DOI:10.25259/SNI_921_2020

Copyright: © 2020 Surgical Neurology International This is an open-access article distributed under the terms of the Creative Commons Attribution-Non Commercial-Share Alike 4.0 License, which allows others to remix, tweak, and build upon the work non-commercially, as long as the author is credited and the new creations are licensed under the identical terms.

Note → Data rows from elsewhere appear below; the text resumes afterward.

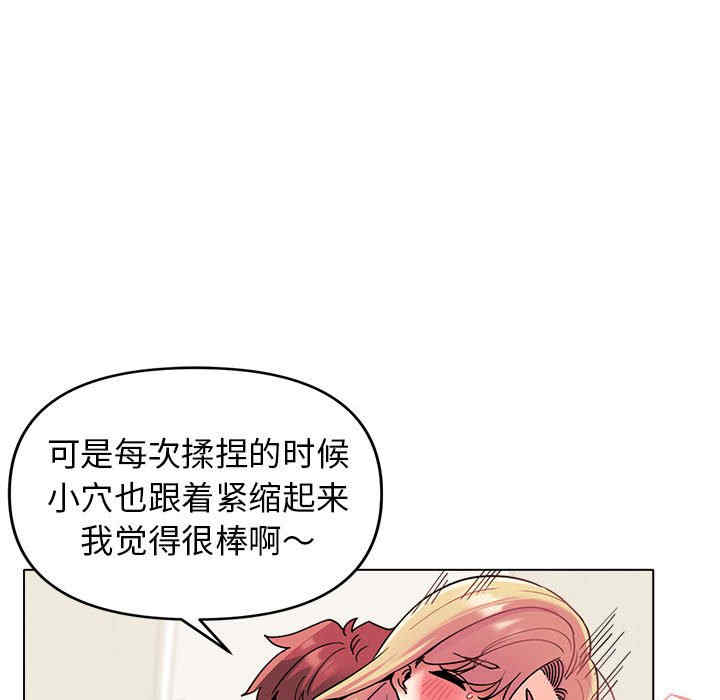 大学生活就从社团开始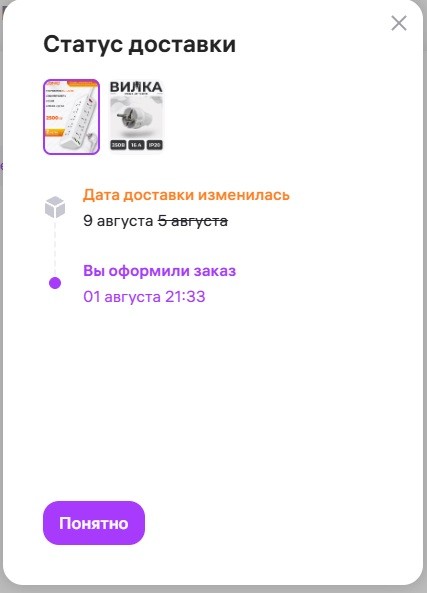 Wildberries запустит программу партнерских хабов для хранения товаров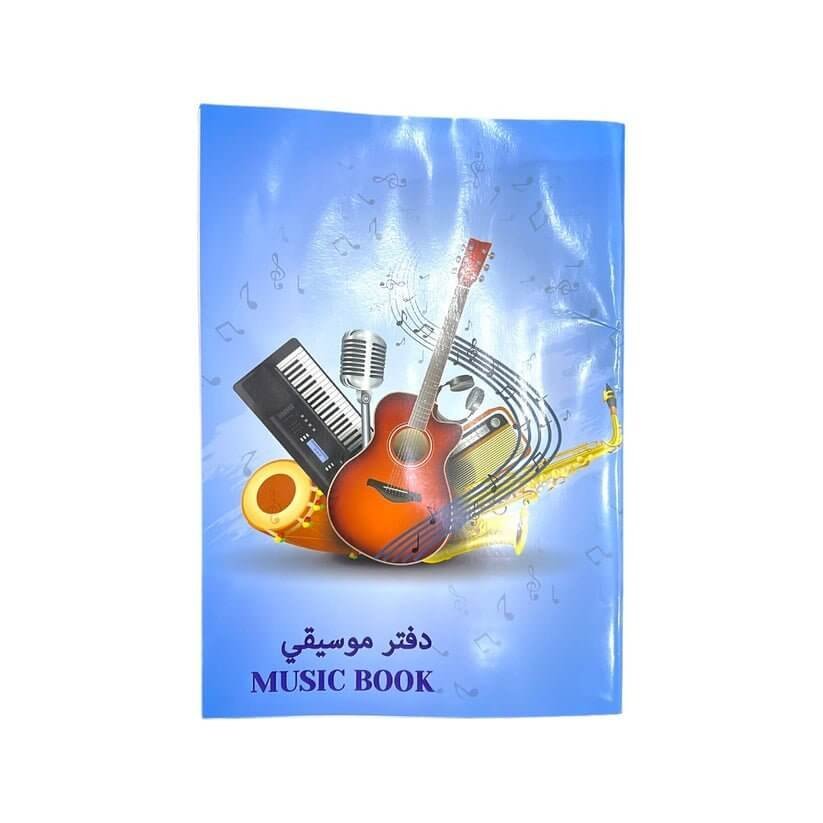 دفتر الموسيقى 32 صفحة A4 - مكتبة اكسبريس الكويت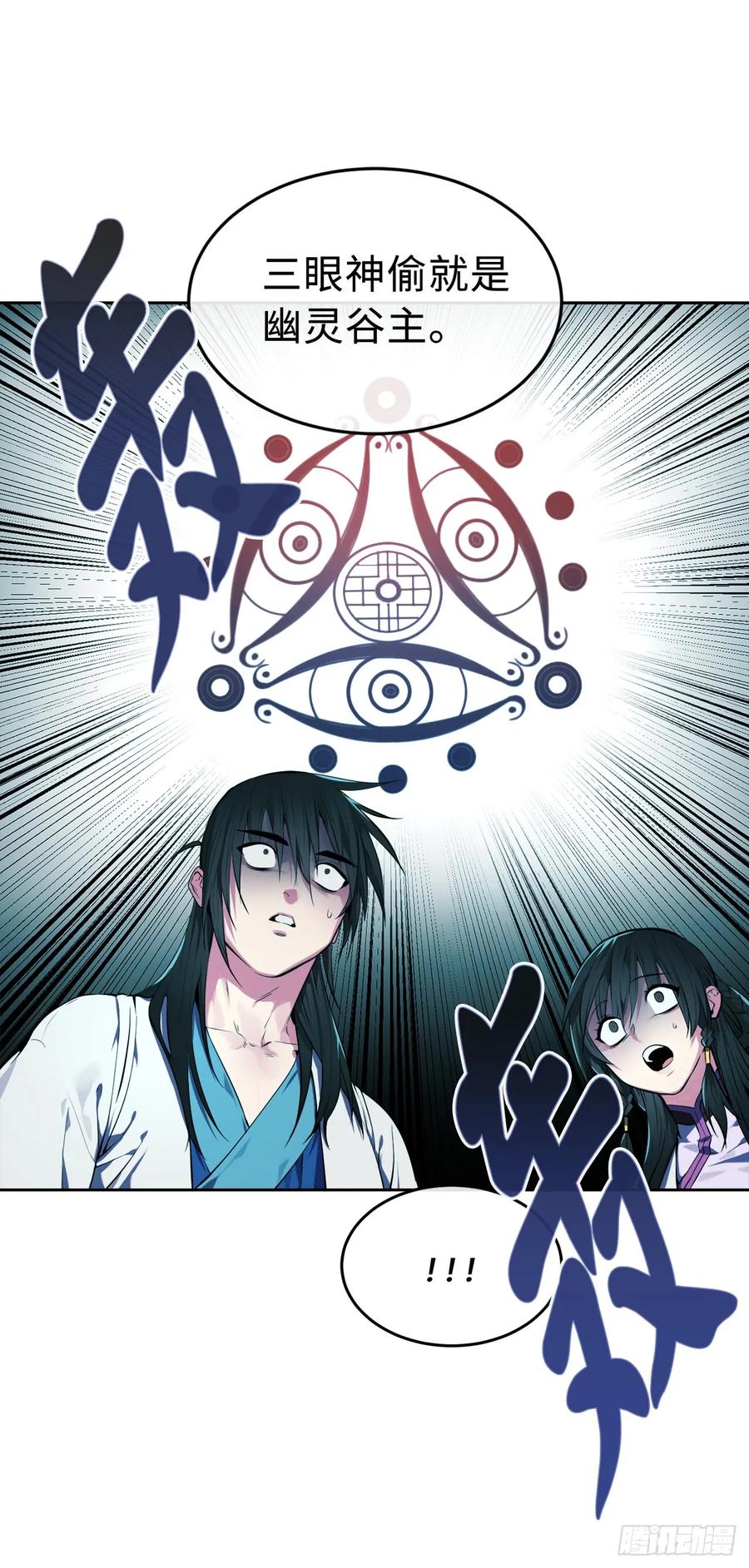 91.幽灵谷主-废柴重生之我要当大佬-DreamToon,多蕴漫文化（第34张）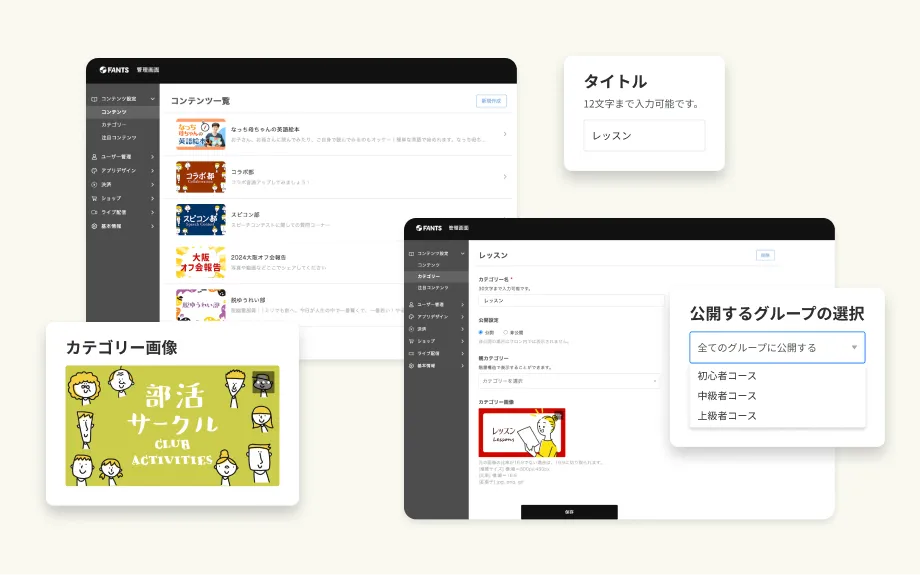 FANTSコンテンツ管理画面
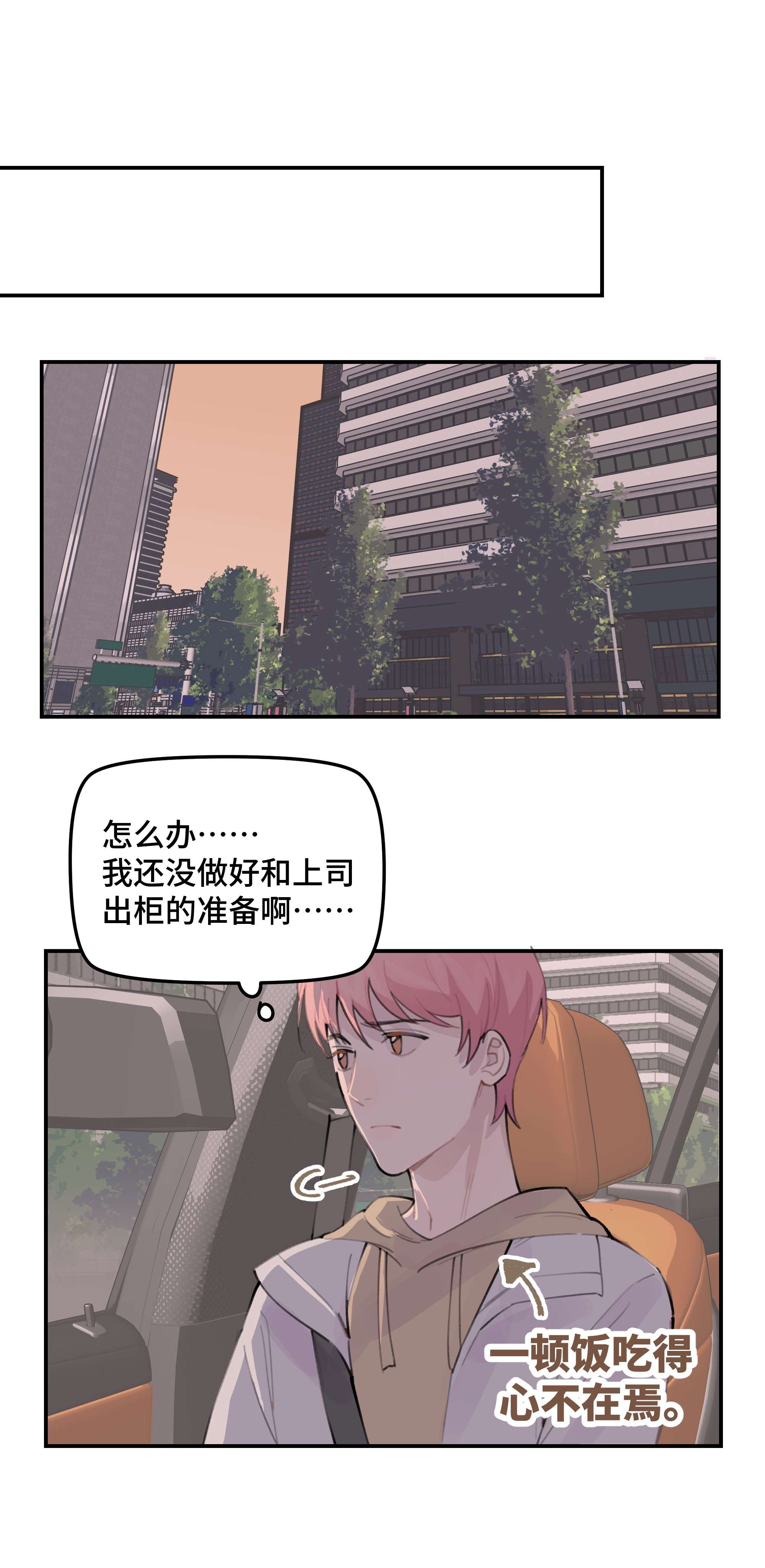 巴甫洛夫的狗030 我太逊了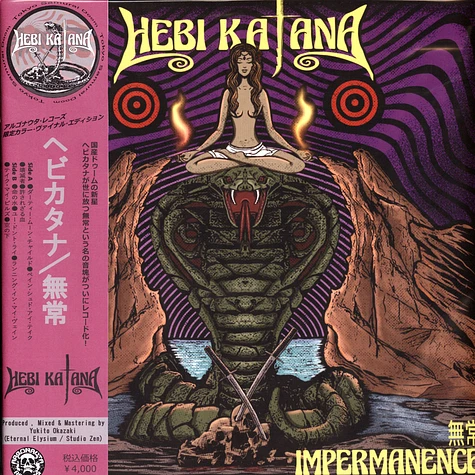 Hebi Katana - Impermanence Colored Vinyl Edition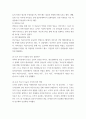 조직행동론 산업과 기업이 발전하는 과정에서 인간의 중요성은 더욱 강조되고 있다 4페이지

How to cite this article: Ahmed A. M. Ezzat, Mohamed A. R. Soliman, Mohammad Baraka, Mohamed El Shimy, Adham Ezz, Ehab El Refaee. Distant large acute epidural hematoma after closed cerebrospinal fluid tapping through the anterior fontanelle: A case report and its pathogenesis. 17-Feb-2021;12:59

How to cite this URL: Ahmed A. M. Ezzat, Mohamed A. R. Soliman, Mohammad Baraka, Mohamed El Shimy, Adham Ezz, Ehab El Refaee. Distant large acute epidural hematoma after closed cerebrospinal fluid tapping through the anterior fontanelle: A case report and its pathogenesis. 17-Feb-2021;12:59. Available from: https://surgicalneurologyint.com/surgicalint-articles/10594/

Date of Submission
16-Dec-2020

Date of Acceptance
20-Jan-2021

Date of Web Publication
17-Feb-2021

Abstract

Background: Cerebrospinal fluid (CSF) infection is one of the most common and serious complications of shunt placement. The CSF shunt infections are preferably treated with intravenous antibiotics, infected shunt removal, repeated tapping (infants) or placement of an external ventricular drainage (EVD) device, and placement of a new shunt once the CSF is sterile. The tapping through the anterior fontanelle is commonly used instead of the EVD in developing countries to manage CSF infection in open anterior fontanelle patients. To the best of our knowledge, this would be considered the first reported case of distant epidural hematoma after closed ventricular tapping.

Case Description: We report a case of 6-months child with Chiari malformation (Type II) presenting to us with a shunt infection with possible obstruction. CSF was aspirated for examination through a tap through the anterior fontanelle followed by the development of extradural hemorrhage far from the tapping site.

Conclusion: EDH after a transfontanellar ventricular tap can rapidly evolve and lead to patient death. This report raises the awareness of the neurosurgeons to this possible complication that can happen and leads to major complications. Monitoring the conscious level would be needed after ventricular tapping to detect this possible complication.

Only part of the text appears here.